Картрайт, удрученный, но не отчаявшийся, не увидел альтернативы выполнению епископских наставлений. Первыми его жертвами стали предводители Этического движения, сделавшего сутью своего существования утверждение, что величайшая добродетель возможна и без следования христианской догме. За ними последовали коммунистические лидеры из Соединенных Штатов, Австралии и других праведных уголков мира, съехавшиеся на важную конференцию в Лондон. Он быстро собрал пятнадцать тысяч, затребованные епископом. Тот благосклонно принял деньги и, выразив благодарность, добавил, что теперь сможет до конца искоренить язычество в своей до того момента отсталой епархии.
– Что ж, – молвил Картрайт, – теперь, уверен, вы согласитесь, что я заслуживаю освобождения от дальнейшего вашего внимания к моей персоне.

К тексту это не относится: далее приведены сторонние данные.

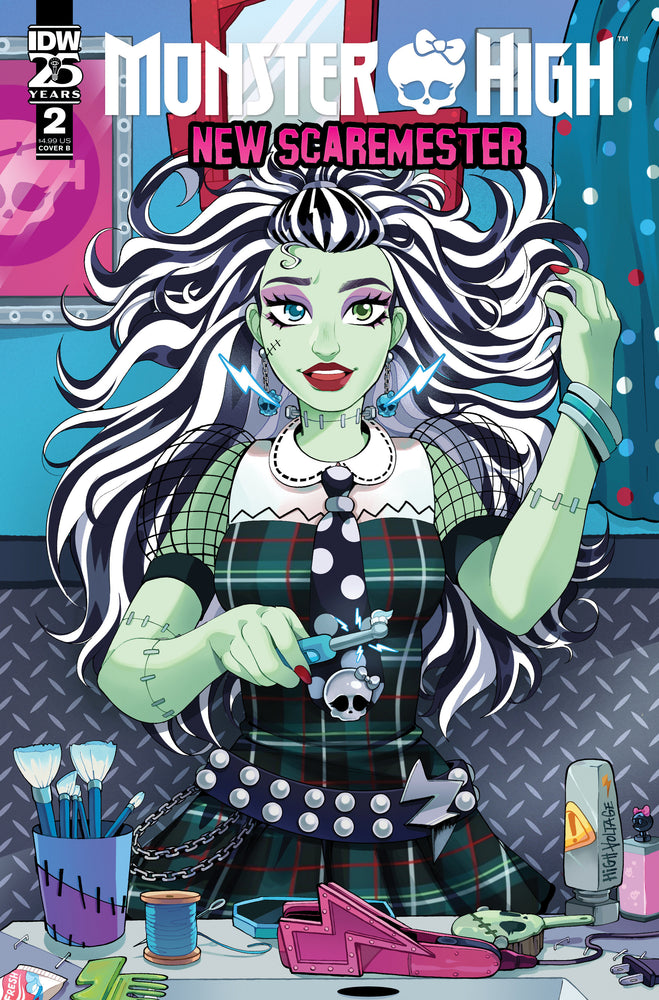 Monster High: New Scaremester - Comics - Image - Pop Weasel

– Не торопитесь, – возразил епископ. – Оригинал фотографии, на которой зиждется наше плодотворное сотрудничество, до сих пор у меня. Мне не стоило бы труда предоставить полиции убедительные свидетельства о способах, которыми вы собрали переданные мне пятнадцать тысяч фунтов, тогда как у вас нет доказательств хоть какого-то моего участия в ваших занятиях. Не вижу, каким образом вы могли бы избавиться от моих притязаний. Тем не менее повторяю: я – милостивый хозяин и не стану делать ваше неизбывное рабское ярмо неподъемным. В Бориа-була-га сохраняются два недостатка: первый – упорное следование главного вождя вере предков, второй – то, что мы уступаем Ньям-Ньям численностью населения. Вы с вашей несравненной ассистенткой могли бы устранить оба. Я отправил ее фотографию главному вождю, и он безумно в нее влюбился. Я дал ему понять, что если он перейдет в нашу веру, то я сделаю так, что она станет его женой. Вас я попрошу поселиться в Бориа-була-га и завести большой гарем. Вы посвятите себя зачатию душ, которые я стану крестить, и если когда-либо по вашей недобросовестности в гареме упадет рождаемость, то ваша преступная деятельность выплывет наружу.